** Supplied material follows **
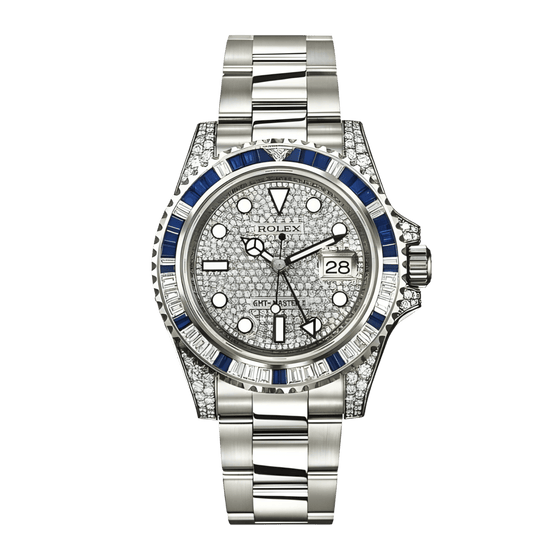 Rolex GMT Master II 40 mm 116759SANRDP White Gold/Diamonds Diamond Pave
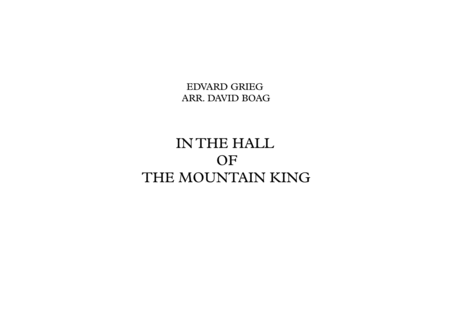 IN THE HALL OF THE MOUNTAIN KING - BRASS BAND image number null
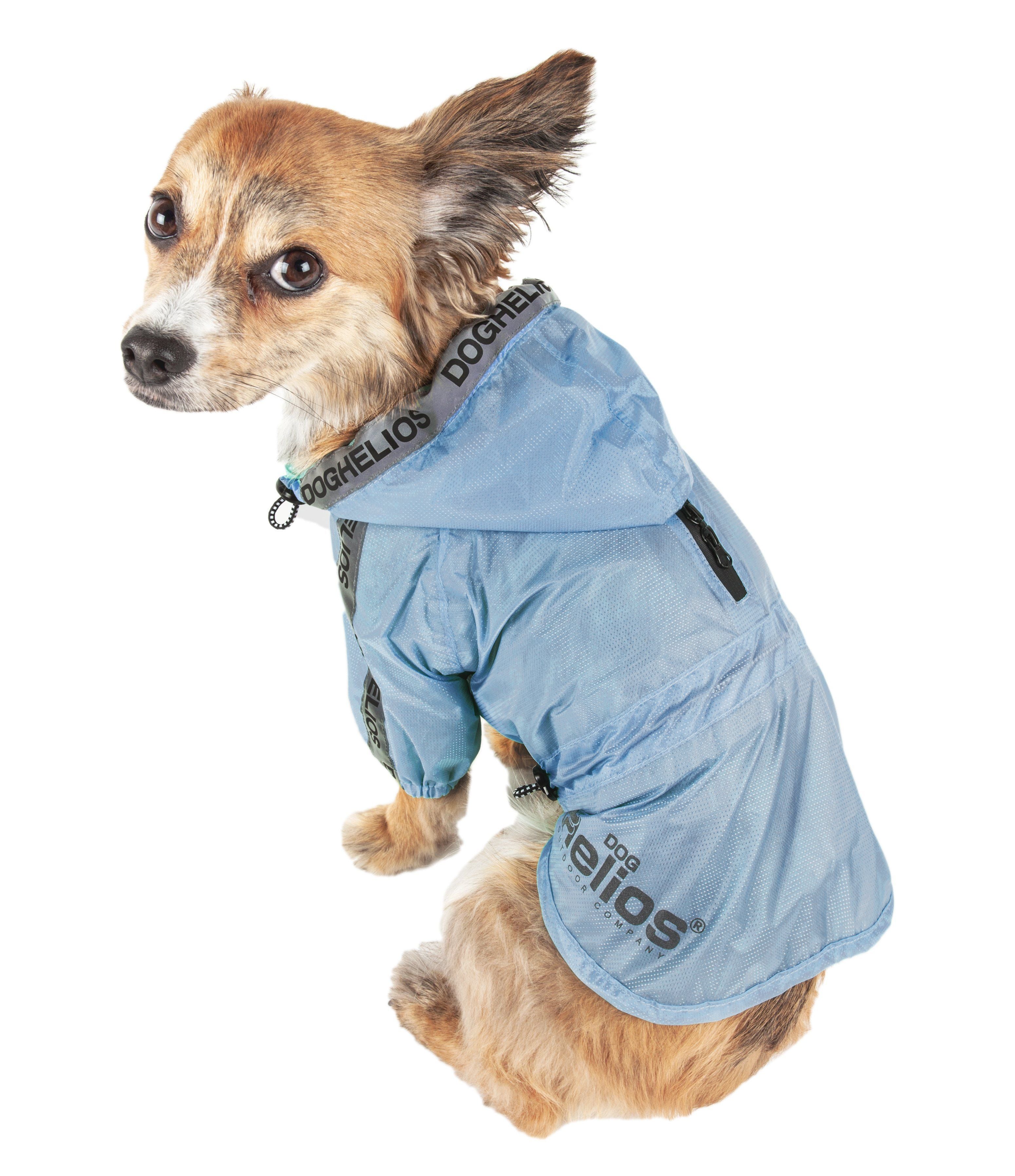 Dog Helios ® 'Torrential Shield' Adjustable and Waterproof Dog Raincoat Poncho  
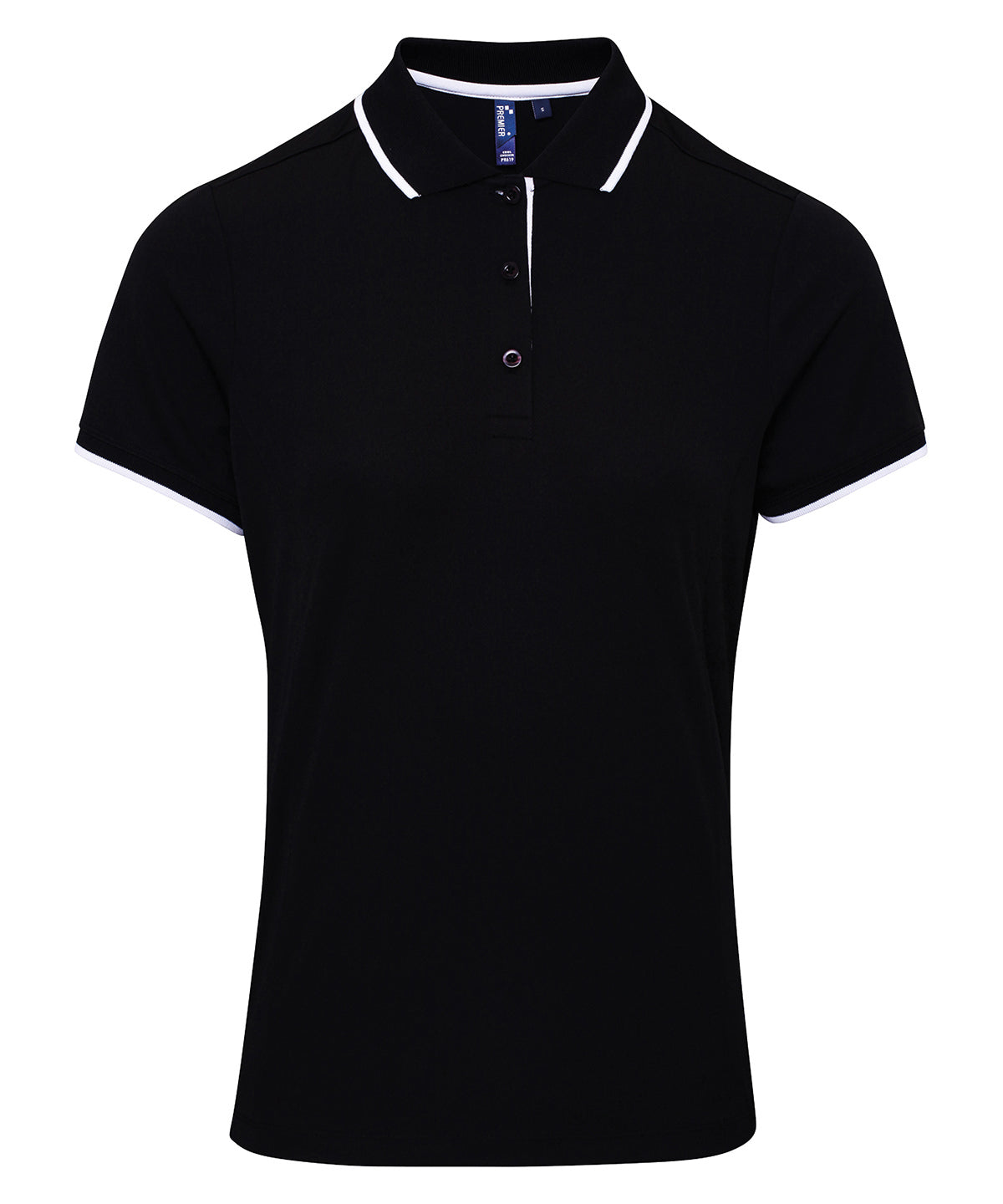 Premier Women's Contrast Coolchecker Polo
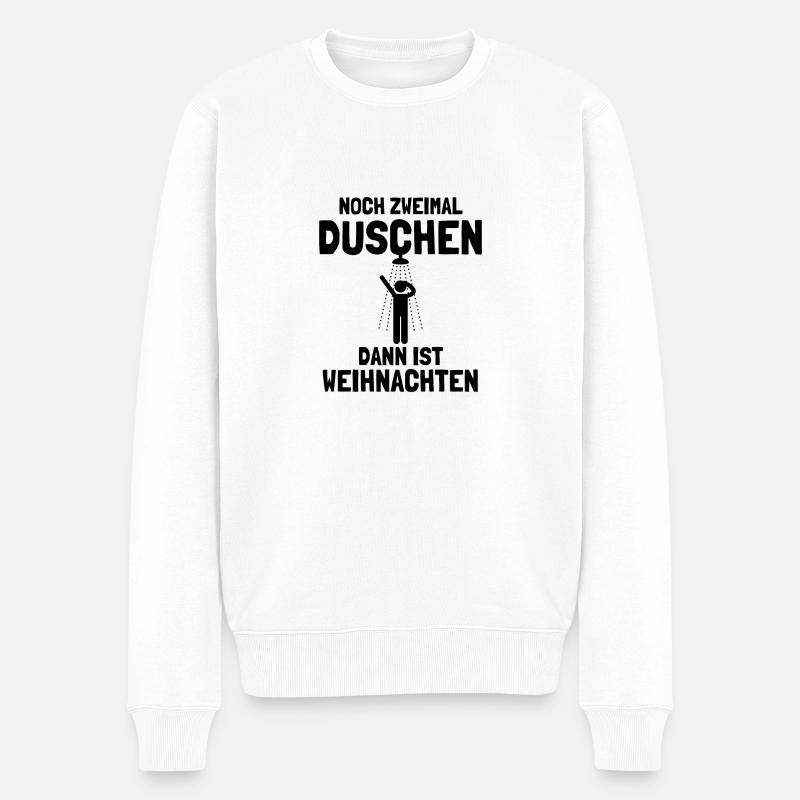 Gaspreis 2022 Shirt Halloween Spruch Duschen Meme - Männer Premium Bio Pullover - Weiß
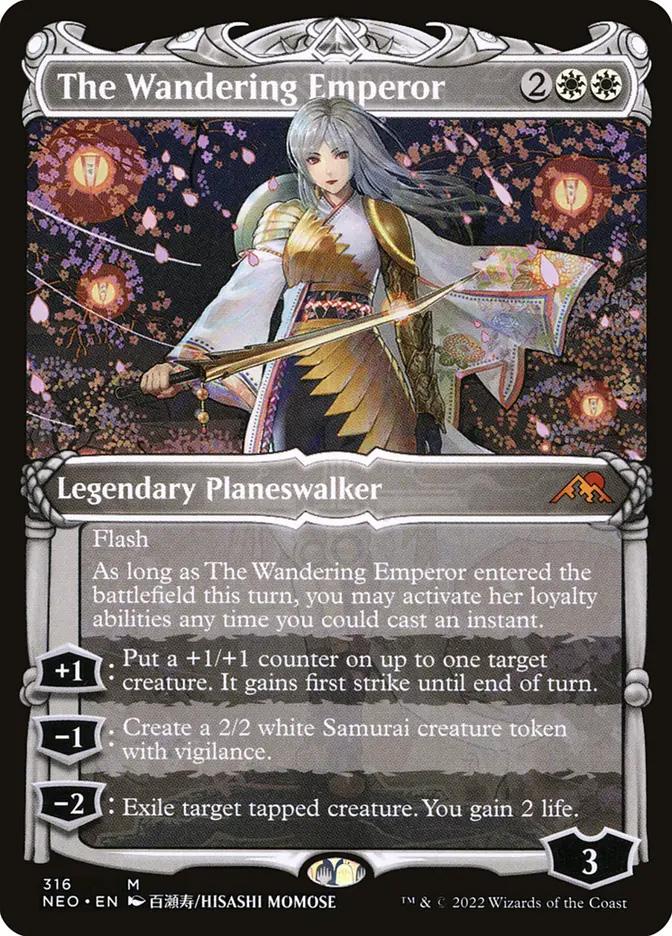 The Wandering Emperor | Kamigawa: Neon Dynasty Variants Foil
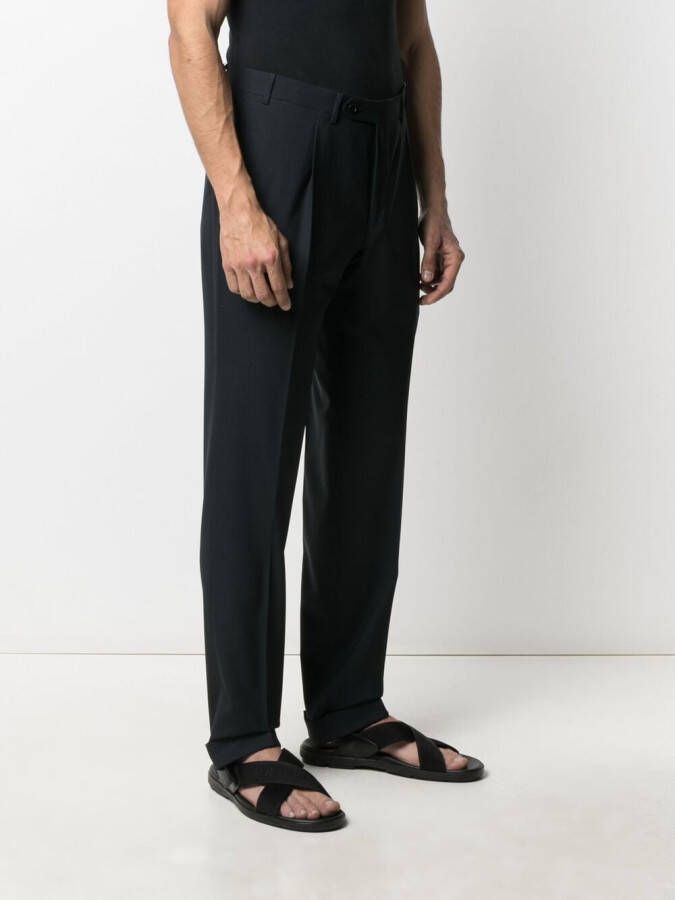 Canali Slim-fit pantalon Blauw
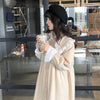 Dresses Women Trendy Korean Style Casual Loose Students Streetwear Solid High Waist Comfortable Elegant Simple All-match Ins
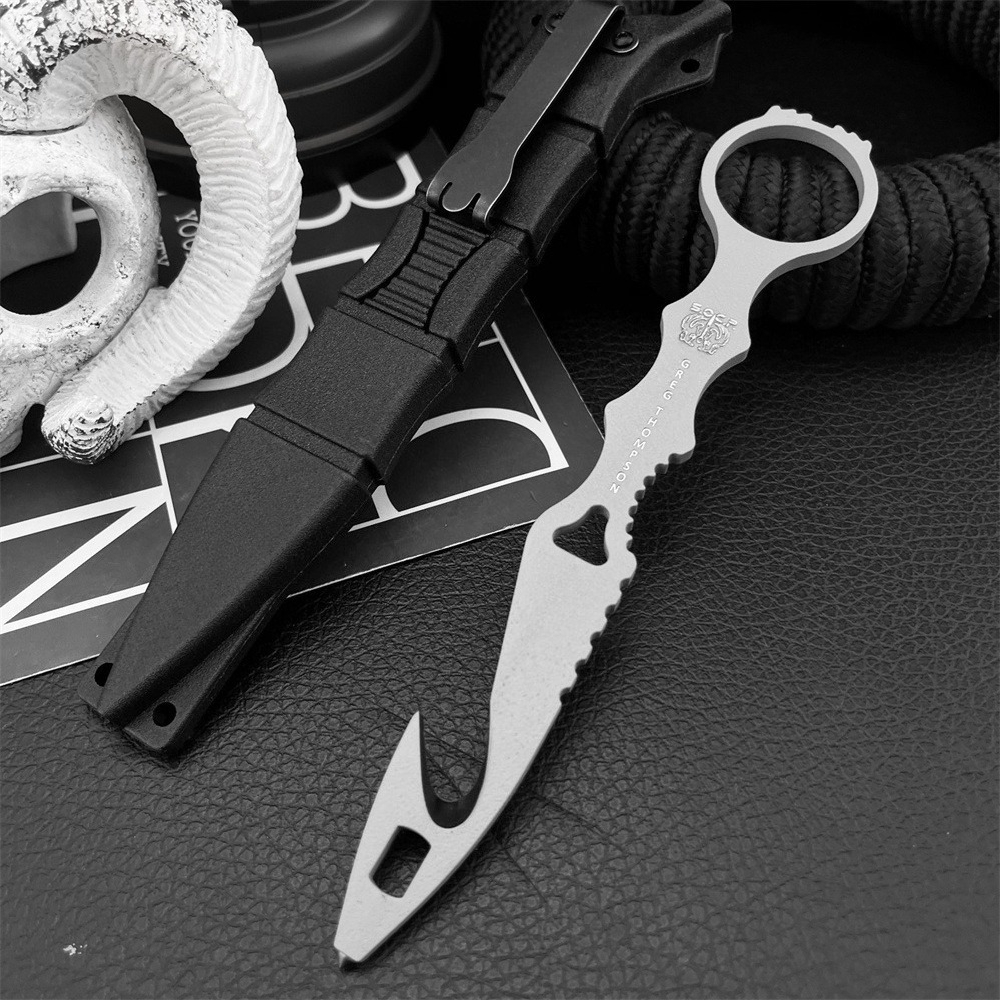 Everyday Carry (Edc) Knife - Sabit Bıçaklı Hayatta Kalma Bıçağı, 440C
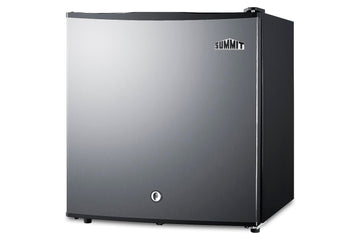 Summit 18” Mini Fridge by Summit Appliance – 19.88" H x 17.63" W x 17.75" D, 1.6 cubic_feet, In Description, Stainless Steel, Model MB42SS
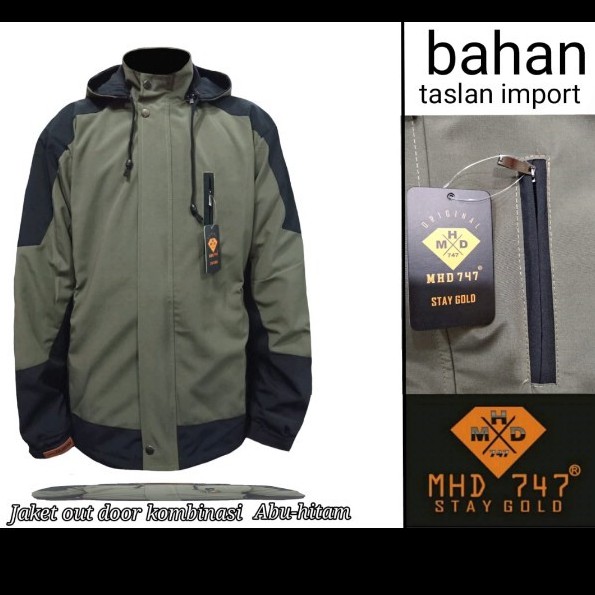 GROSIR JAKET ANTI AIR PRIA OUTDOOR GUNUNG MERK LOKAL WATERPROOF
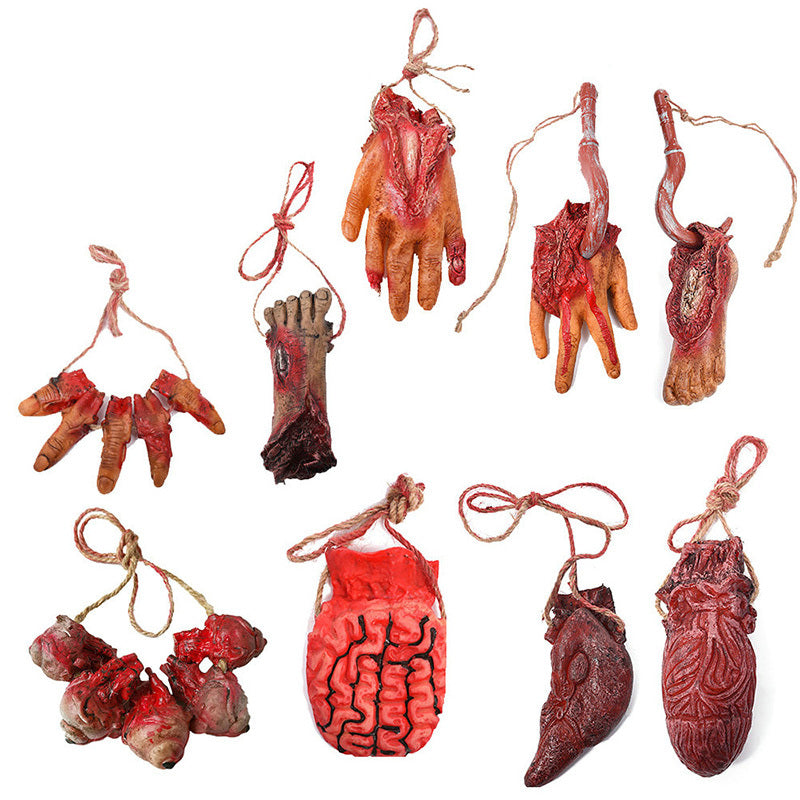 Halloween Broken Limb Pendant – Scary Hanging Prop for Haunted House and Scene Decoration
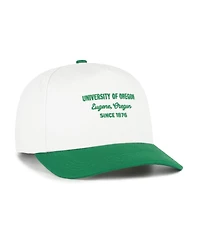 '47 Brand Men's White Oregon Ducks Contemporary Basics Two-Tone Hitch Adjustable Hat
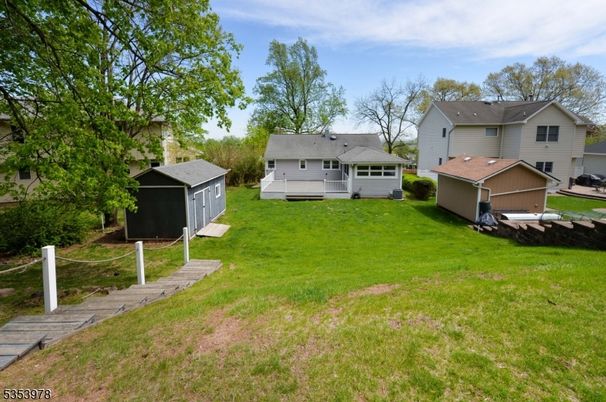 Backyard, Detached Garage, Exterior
** End of Supplied material **
• **Brief**:
Return all of the data exactly as written, and drop the pictures.

• **Solution to this problem**:
 Rolex GMT Master II 40 mm 116759SANRDP White Gold/Diamonds Diamond Pave
 IN THE HALL OF THE MOUNTAIN KING - BRASS BAND image number null
 Dog Helios ® 'Torrential Shield' Adjustable and Waterproof Dog Raincoat Poncho  
 Premier Women's Contrast Coolchecker Polo
 Gaspreis 2022 Shirt Halloween Spruch Duschen Meme - Männer Premium Bio Pullover - Weiß
 The Wandering Emperor | Kamigawa: Neon Dynasty Variants Foil
 Canali Slim-fit pantalon Blauw
 Dresses Women Trendy Korean Style Casual Loose Students Streetwear Solid High Waist Comfortable Elegant Simple All-match Ins
 Everyday Carry (Edc) Knife - Sabit Bıçaklı Hayatta Kalma Bıçağı, 440C
 Summit 18” Mini Fridge by Summit Appliance – 19.88" H x 17.63" W x 17.75" D, 1.6 cubic_feet, In Description, Stainless Steel, Model MB42SS
 GROSIR JAKET ANTI AIR PRIA OUTDOOR GUNUNG MERK LOKAL WATERPROOF
 Halloween Broken Limb Pendant – Scary Hanging Prop for Haunted House and Scene Decoration
 '47 Brand Men's White Oregon Ducks Contemporary Basics Two-Tone Hitch Adjustable Hat
 Backyard, Detached Garage, Exterior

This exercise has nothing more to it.